Standing on your own two feet
Recuperating after a long bedrest study is similar to the way people recover from serious illness or how astronauts are helped to regain full muscle and bone structure after being in space.
After the human body adapts to spending days upside down in bed – it cannot get up and walk as soon as a bedrest study is over.
Participants are slowly raised back into an upright position and the volunteers are literally massaged back into health over a period of weeks. Further tests are done and participants are followed to make sure that their bodies return to full health.
Exercise is done slowly but surely with at least one hour each day spent in the gym.

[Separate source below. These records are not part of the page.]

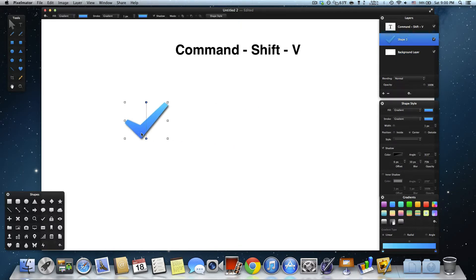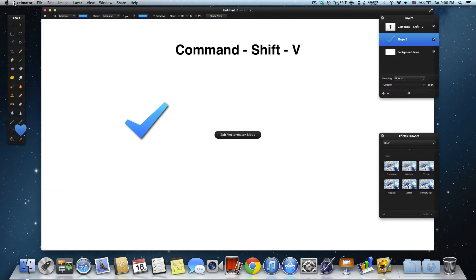When you want to exit Vectimator mode, all you have to do is press Command-Shift-V. Then a message will appear saying that you exited Vectimator mode.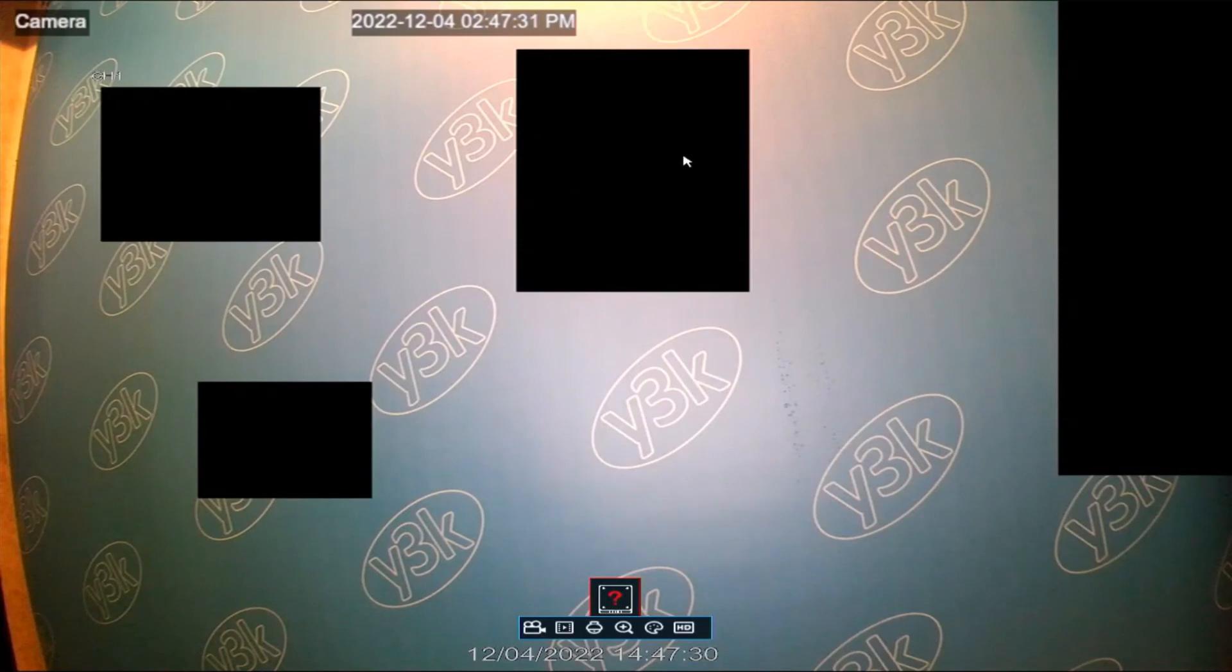You will see that there are now black squares in the image. These black squares will remain on the image until you remove them, both on the live view and on the recorded stream, along with remote access.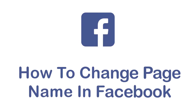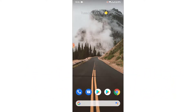Hey guys, welcome back to the channel. Today I'm back with yet another tutorial video and app guide. In today's video, I'll show you how you can change a Facebook page name. So you created a Facebook page using a Facebook account, you use that page to upload or create content, or you use that page for your business, and now you want to change the name for your Facebook page but you can't figure out how to do it.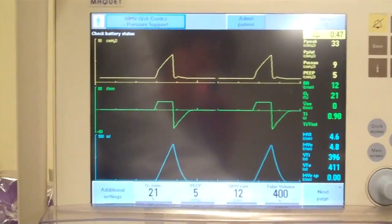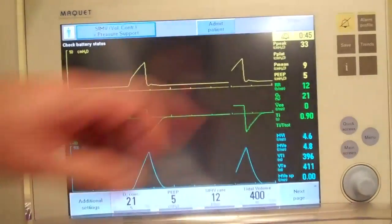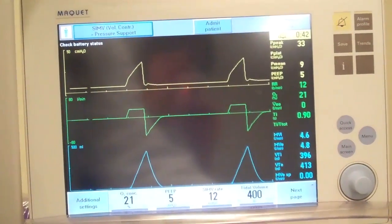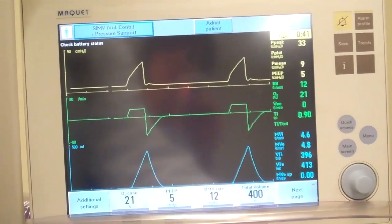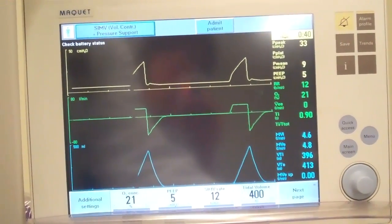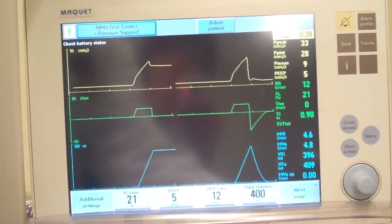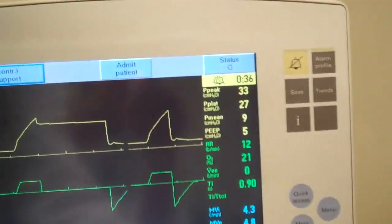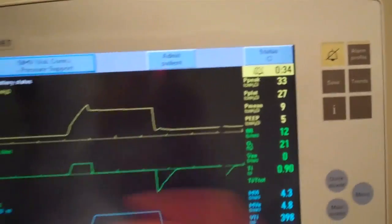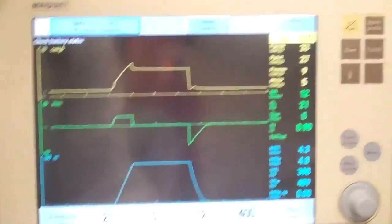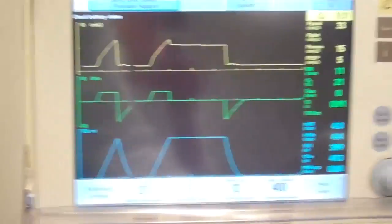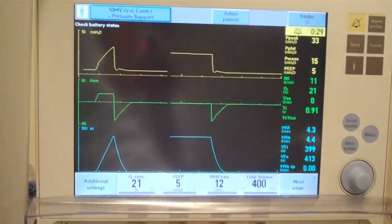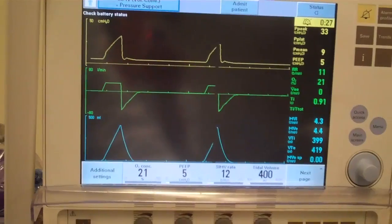We'll do that one more time just so you can kind of see. Right now you see there's no number in the plateau pressure section. We hit the pause, now the number comes up — you're just going to hold it for not more than one to two seconds, because you're holding that breath into the patient and that could cause some potential problems.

Participants often get blisters on their feet and muscle pains because they are no longer used to using them.
Despite the controlled regime, returning to normal life can be exhausting.
Aside from the physical adaptation necessary to returning to a vertical world, bedrest volunteers often remark on how they have to adapt psychologically.
“Everything seemed to be moving,” writes Dorota in her bedrest diary. “While lying down we kept our heads in the same position all the time – after getting up it seemed like the whole world was moving around!”
Many participants remark on the exclusion from normal life that they notice only once the study is over. For the duration of the study most decisions are taken on behalf of the volunteers. They do not choose what to eat, they don’t need to pay for anything in the shops, the number of people they see is limited.
Returning to the real world and its many decisions can be quite overwhelming. Added to that is the sensory deprivation experienced by the participants.
During the course of the study, they will have been inside the whole time. Compared to the centre where the study took place, the sounds and smells experienced outside are more varied and the participants will be more aware of them after the study.
Complete rehabilitation can take months and the participants are given regular check-ups to make sure that they completely recover.